The Tell Me Why transgender representation will be ‘fully-realized’

Dontnod recently announced its next title, Tell Me Why, which is an episodic game that seems in a similar vein to the Life is Strange games. However, one difference lies in one of the protagonists as Tyler Ronan is a transgender man. This is a first for the medium, at least when considering products put out by big publishers. There’s a lot of pressure on Dontnod, but it said it will commit to authenticity for the character.

Characters inside the LGBT community haven’t always had a strong representation in media, especially within gaming and doubly so for transgender people. But Dontnod is seeking “guidance from LGBTQ, cultural, and mental health advocates” to help portray a sense of authenticity to Tyler’s character avoid common media tropes transgender people often fall victim to. Director of Transgender Representation at GLAAD, Nick Adams, also said as much about the Tell Me Why transgender representation.

ALSO: Tell Me Why revealed by DONTNOD, coming to Xbox Game Pass

“Microsoft and Dontnod have approached Tyler with a real commitment to authenticity,” stated Adams. “Tyler is a fully-realized, endearing character, whose story is not reduced to simplistic trans tropes. Creating a playable lead trans character – and taking such care to get it right – raises the bar for future LGBTQ inclusion in gaming.”

Tell Me Why will star a transgender character

Dontnod has tried to make more inclusive games in the past. Both Life is Strange and Life is Strange 2 let players pursue queer relationships, while also exploring other storylines related to LGBT issues. Life is Strange 2 also stars two Hispanic boys and welcomes a whole host of typically underrepresented groups in later episodes.

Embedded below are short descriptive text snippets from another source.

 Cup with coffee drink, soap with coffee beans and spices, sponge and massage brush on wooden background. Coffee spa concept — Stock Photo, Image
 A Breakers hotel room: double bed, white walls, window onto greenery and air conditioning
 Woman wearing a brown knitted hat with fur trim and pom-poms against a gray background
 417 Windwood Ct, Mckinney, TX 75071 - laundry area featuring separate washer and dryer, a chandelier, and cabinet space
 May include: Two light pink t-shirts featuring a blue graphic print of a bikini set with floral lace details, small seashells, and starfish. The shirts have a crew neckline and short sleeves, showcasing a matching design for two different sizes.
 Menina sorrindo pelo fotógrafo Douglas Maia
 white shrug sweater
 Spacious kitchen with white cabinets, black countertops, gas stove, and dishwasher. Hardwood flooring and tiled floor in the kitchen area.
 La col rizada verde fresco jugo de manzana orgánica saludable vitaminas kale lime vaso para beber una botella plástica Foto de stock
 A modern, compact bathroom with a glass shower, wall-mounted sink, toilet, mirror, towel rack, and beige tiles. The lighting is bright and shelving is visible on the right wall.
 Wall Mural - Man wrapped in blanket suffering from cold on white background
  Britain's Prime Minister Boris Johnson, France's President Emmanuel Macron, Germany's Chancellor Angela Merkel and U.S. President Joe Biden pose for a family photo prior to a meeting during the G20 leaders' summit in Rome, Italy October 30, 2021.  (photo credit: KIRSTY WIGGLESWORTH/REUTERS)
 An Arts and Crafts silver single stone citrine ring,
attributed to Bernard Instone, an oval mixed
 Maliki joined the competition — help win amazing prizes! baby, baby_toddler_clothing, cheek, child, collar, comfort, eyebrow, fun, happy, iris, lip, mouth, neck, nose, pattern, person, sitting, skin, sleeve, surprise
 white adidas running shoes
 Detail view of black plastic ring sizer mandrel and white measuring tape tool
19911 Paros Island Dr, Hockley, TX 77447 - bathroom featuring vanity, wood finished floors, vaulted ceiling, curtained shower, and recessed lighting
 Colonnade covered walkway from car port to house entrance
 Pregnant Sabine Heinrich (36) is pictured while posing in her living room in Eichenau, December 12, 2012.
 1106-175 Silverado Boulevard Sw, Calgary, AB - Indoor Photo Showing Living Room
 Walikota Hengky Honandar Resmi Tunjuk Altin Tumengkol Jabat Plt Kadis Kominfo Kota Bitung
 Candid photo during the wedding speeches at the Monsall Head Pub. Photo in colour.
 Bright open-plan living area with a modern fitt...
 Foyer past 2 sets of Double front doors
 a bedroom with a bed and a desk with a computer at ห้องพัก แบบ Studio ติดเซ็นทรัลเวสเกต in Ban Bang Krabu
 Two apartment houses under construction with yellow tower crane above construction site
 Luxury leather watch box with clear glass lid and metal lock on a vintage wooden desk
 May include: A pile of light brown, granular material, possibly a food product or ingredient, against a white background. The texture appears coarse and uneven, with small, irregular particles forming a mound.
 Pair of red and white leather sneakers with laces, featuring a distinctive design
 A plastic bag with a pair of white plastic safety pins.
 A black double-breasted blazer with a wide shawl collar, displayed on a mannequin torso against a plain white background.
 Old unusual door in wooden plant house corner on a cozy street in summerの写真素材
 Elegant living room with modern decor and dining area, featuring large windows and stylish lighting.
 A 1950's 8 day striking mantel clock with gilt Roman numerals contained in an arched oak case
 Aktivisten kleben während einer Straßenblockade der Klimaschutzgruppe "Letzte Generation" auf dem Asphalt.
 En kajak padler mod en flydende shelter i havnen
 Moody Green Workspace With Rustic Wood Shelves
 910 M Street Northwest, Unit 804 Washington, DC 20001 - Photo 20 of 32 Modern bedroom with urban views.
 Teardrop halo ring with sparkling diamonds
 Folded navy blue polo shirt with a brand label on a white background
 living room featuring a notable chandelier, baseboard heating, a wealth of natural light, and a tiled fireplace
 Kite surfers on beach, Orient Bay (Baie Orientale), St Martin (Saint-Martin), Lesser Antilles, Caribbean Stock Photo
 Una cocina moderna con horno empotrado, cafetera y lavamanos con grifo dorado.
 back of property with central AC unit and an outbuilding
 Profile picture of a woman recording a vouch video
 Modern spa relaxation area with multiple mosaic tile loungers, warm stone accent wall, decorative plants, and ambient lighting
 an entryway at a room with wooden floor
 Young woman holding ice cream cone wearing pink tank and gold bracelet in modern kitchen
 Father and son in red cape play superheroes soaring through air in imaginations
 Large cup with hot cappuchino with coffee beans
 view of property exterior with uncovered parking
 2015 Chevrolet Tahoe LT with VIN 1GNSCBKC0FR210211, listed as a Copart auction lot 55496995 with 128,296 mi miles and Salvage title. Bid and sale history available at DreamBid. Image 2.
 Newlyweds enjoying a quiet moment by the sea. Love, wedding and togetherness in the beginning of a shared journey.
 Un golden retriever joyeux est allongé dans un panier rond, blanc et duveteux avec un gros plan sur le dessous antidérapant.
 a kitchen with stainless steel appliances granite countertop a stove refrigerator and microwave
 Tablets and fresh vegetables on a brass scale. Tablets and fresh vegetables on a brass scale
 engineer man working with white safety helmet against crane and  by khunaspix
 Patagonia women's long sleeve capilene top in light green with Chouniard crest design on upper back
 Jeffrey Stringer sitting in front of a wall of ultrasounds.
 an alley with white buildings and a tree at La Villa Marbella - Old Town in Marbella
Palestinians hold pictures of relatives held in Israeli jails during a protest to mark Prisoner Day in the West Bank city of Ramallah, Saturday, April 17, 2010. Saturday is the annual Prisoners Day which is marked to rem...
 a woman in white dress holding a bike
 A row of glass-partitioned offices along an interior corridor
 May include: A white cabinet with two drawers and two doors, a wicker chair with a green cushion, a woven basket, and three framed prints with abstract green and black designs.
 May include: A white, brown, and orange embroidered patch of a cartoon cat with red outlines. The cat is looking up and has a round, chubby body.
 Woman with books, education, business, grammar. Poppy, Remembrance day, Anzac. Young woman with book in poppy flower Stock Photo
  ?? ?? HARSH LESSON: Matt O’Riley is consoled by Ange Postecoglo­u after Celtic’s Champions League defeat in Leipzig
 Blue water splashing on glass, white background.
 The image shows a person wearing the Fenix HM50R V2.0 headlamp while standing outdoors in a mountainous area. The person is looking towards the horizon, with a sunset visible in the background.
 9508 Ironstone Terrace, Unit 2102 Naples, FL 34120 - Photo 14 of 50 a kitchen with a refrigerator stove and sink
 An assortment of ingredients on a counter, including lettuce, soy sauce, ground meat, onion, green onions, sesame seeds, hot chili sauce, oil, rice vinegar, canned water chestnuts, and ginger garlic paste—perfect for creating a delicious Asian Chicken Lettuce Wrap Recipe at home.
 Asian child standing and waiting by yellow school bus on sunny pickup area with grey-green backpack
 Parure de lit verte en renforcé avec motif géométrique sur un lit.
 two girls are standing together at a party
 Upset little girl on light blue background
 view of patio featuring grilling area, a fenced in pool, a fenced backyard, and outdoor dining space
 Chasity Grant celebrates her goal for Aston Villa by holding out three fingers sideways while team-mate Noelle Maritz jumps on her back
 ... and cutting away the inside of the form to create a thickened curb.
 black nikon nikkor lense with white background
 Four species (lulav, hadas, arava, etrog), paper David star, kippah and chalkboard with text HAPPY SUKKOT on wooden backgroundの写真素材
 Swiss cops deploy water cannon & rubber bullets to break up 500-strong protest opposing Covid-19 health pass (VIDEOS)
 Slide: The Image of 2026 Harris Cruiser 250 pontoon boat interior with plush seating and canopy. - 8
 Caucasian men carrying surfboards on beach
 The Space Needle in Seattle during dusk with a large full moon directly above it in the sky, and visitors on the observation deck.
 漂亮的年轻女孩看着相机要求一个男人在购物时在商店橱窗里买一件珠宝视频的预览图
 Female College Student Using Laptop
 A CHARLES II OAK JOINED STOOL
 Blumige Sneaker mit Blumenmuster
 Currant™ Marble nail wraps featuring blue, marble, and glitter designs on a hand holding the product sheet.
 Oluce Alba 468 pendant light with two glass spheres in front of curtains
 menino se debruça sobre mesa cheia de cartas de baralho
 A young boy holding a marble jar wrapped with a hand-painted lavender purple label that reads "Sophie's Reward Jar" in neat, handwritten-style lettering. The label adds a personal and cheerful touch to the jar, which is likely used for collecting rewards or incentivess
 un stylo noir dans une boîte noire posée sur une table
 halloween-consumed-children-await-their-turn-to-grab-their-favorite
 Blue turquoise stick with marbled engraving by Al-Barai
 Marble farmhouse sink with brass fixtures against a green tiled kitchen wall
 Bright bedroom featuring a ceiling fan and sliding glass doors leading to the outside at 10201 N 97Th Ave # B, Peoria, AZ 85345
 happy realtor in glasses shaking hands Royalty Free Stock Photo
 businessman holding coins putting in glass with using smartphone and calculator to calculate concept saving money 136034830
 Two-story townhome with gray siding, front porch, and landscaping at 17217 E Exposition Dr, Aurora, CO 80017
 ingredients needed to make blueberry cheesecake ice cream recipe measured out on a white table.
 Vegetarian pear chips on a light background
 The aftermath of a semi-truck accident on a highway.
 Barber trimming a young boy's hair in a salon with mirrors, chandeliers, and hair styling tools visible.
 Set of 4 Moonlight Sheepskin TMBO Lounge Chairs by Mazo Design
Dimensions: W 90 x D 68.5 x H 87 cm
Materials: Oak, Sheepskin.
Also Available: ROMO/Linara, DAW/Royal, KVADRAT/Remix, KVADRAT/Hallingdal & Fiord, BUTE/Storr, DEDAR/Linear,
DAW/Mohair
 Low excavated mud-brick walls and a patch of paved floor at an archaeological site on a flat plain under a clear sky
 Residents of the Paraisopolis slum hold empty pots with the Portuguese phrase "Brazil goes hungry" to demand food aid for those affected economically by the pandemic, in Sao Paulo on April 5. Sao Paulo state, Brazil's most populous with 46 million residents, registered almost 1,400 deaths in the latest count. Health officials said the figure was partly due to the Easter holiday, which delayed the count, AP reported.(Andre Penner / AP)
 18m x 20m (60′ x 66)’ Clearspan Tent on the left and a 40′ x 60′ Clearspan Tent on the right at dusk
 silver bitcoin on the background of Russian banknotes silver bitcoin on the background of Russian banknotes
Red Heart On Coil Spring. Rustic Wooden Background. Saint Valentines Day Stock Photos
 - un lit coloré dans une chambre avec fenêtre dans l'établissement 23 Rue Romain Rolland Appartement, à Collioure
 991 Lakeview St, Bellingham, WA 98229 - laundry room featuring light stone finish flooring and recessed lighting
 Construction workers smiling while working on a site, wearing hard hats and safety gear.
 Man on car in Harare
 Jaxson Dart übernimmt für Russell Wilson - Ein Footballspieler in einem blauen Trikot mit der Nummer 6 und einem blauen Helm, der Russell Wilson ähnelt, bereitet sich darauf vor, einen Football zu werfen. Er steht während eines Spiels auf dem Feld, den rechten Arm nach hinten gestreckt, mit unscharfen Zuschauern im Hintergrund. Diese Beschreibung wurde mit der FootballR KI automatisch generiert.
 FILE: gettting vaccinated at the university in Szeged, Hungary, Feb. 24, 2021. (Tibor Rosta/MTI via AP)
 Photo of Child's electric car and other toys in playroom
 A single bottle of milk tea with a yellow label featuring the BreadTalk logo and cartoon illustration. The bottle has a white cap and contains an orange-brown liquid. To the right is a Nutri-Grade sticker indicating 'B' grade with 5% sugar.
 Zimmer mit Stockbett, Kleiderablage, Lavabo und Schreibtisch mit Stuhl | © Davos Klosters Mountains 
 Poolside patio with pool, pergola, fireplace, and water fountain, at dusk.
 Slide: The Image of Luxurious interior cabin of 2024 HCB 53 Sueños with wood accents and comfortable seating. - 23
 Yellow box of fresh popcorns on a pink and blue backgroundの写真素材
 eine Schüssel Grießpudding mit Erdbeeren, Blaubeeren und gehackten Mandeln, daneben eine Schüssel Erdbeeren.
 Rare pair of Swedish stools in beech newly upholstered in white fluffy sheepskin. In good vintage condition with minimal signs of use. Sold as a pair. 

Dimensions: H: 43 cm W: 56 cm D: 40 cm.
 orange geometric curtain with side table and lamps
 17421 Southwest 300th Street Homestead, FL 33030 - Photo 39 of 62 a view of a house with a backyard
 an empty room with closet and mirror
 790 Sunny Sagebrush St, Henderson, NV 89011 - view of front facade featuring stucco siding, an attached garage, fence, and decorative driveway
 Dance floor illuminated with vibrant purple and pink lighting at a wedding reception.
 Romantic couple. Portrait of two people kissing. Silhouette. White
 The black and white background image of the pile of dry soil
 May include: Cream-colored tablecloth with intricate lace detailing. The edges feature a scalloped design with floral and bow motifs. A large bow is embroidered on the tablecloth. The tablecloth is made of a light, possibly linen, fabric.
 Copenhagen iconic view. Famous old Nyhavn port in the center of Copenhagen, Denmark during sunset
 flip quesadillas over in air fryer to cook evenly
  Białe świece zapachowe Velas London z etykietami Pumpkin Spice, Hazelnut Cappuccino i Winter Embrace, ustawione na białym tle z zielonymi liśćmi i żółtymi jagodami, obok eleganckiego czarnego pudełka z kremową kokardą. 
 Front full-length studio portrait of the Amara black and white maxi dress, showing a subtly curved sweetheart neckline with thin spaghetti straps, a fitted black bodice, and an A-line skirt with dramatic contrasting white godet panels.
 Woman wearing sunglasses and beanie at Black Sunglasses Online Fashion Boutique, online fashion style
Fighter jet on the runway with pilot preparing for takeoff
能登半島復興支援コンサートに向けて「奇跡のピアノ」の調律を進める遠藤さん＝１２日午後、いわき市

The Hollywood Reporter reported that August Black, a trans voice actor, is voicing Tyler, which is part of Dontnod’s way of find actors in a “representative and authentic way.” However, it isn’t clear if Dontnod has trangender creatives in the room guiding the game, which is a key part that lends the authenticity that the team is striving for. While it wasn’t feasible to have teenagers in the room for the first game, Dontnod was heavily criticized for Life is Strange‘s clunky, fake teenager dialogue that couldn’t accurately portray how people in that age group speak. Hopefully, the French developer has learned from its shortcomings and realized that it’s often more authentic in these situations to include creative people with first-hand knowledge or experience with the topics at hand.

Vice asked Microsoft if transgender people were on the team. While the answer from Xbox Game Studios Senior Director Joseph Staten was essentially a long “no,” he did say how they brought in transgender players, colleagues, and friends for “research, testing, and feedback.” He also reiterated that Adams was with the project “from the very beginning” and helped consult with “story, dialogue, character design, environmental design, and voice casting” to avoid nasty stereotypes.